**WHAT IS NEEDED:** From the listing that follows, output everything exactly except the pictures.

**MATERIAL PROVIDED:**

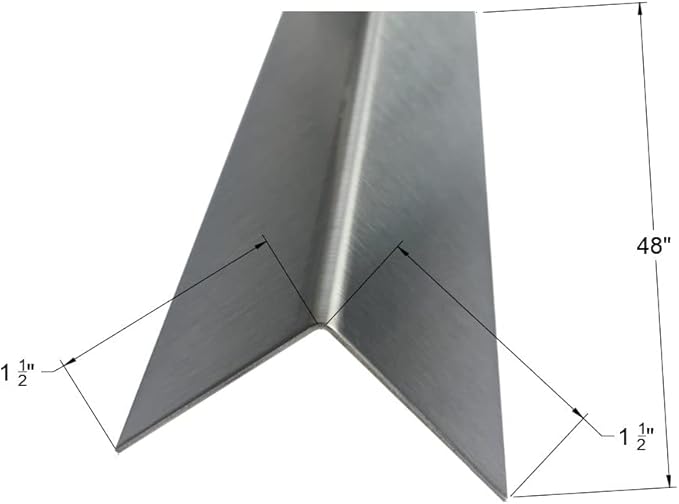Brushed 304 Stainless Steel Corner Guards, 48" Wall Protectors, 20ga & 16ga, Available in 1/2" to 4", Multi-Pack Options (1, 2, 5, or 10) (10, 1 1/2 x 1 1/2, 20ga, No Hug Edges)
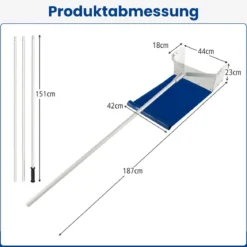 Schneeräumer für Dach Dachschneeräumer mit Teleskopstiel und rutschfestem Griff 624 x 44 x 23 cm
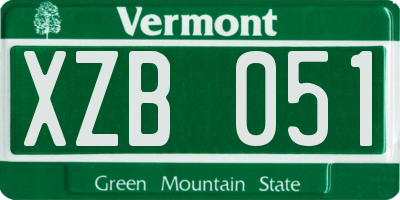 VT license plate XZB051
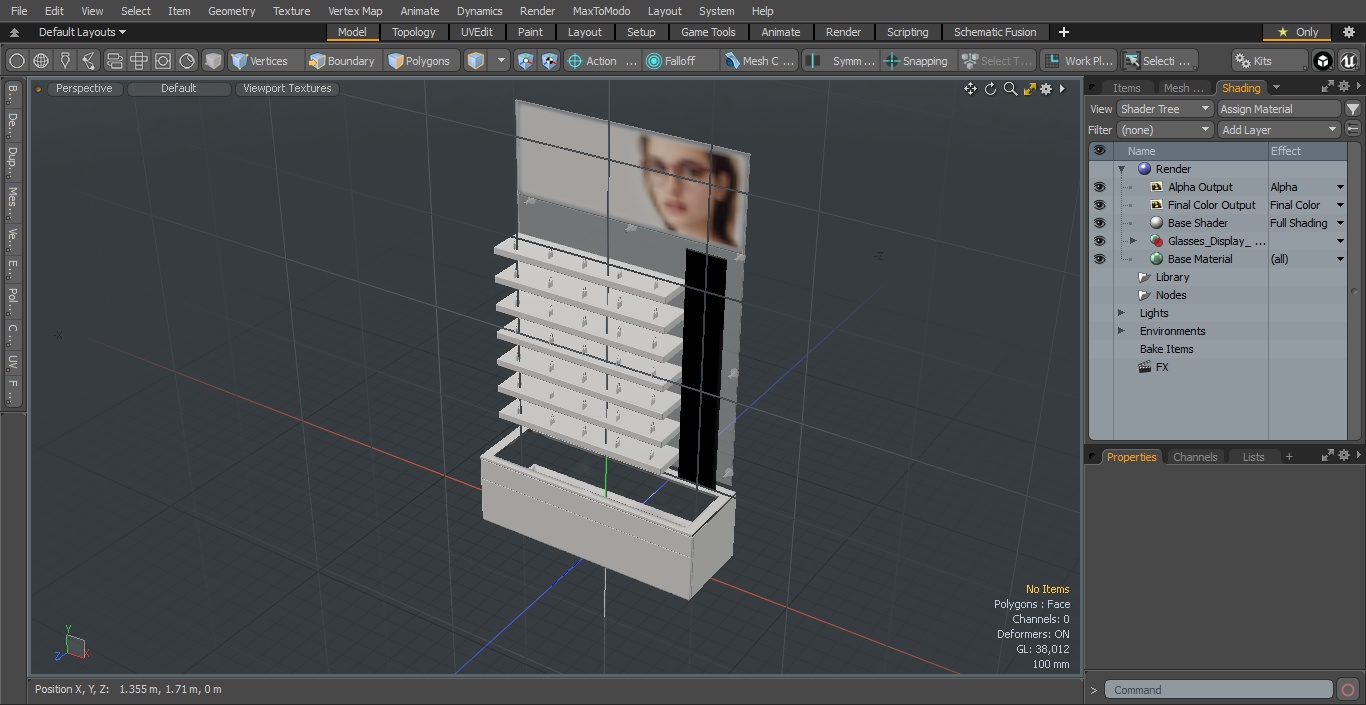 White Glasses Display Stand Type 3D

**REPLY TO THE EXERCISE:**
Brushed 304 Stainless Steel Corner Guards, 48" Wall Protectors, 20ga & 16ga, Available in 1/2" to 4", Multi-Pack Options (1, 2, 5, or 10) (10, 1 1/2 x 1 1/2, 20ga, No Hug Edges)
 Schneeräumer für Dach Dachschneeräumer mit Teleskopstiel und rutschfestem Griff 624 x 44 x 23 cm
 VT license plate XZB051
 White Glasses Display Stand Type 3D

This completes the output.